Helen sighs. She’s doing a lot of that lately . . . I know what she is thinking. That I’ve lost my marbles, that Elizabeth is perfectly well at home and I just don’t remember having seen her recently. But it’s not true. I forget things – I know that – but I’m not mad. Not yet.’
In Emma Healey’s ingenious crime novel, Elizabeth is Missing, Maud is suffering from dementia, and it is by no means clear that Elizabeth really is missing. Through no fault of her own Maud is the ultimate unreliable narrator. There are huge gaps in her recent memory and yet events of seventy years ago when her sister disappeared are recalled in brilliant detail.

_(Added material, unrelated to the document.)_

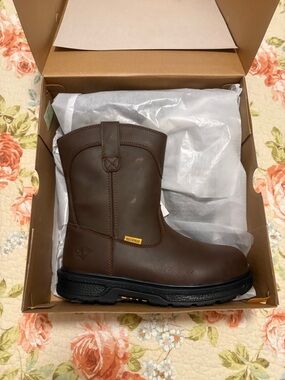 HERMAN SURVIVORS SIZE 7 1/2 Leather Waterproof Steel-Toe Brown Work Boots-NEW!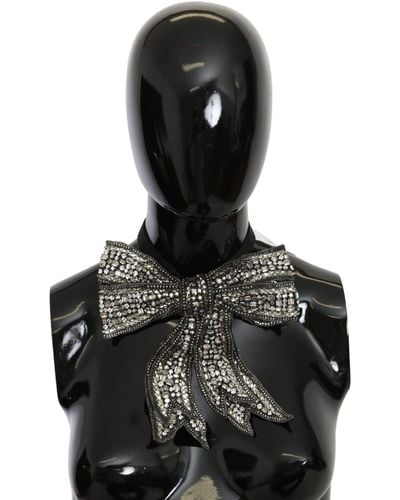 Dolce & Gabbana Silver Crystal Beaded Sequined Silk Catwalk Necklace Bowtie - Black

It’s a great idea, but an idea isn’t enough: it has to be well executed and this one is. We witness Maud’s increasing and painful confusion in the present as she slowly unravels the events of the past. The novel is gripping, sad, very well written and cleverly plotted – and, yes, I wish I’d thought of it!
4 Comments
Tracybham
March 7, 2015I don’t think I can read something like this featuring dementia having just experienced dementia in my parents. I wonder how many other readers are affected that way or if it is written in such a way that I could handle it. Maybe in a few years.
Christine Poulson
March 8, 2015I read it because it was chosen by my book group, otherwise I would have given it a miss. We haven’t had parents who were affected that way, but even so, this is not an easy read. It is very well done, but still . . . perhaps you would find it hard. I remember reading that the novel was inspired by the writer’s own grandmother who had dementia.
moira @ Clothes in Books
March 14, 2015You’re the second person to recommend this one within a few days, so I’m going to have to give it a try.
Christine Poulson
March 15, 2015Some nice details in there about clothes and hairdos in the 1940s.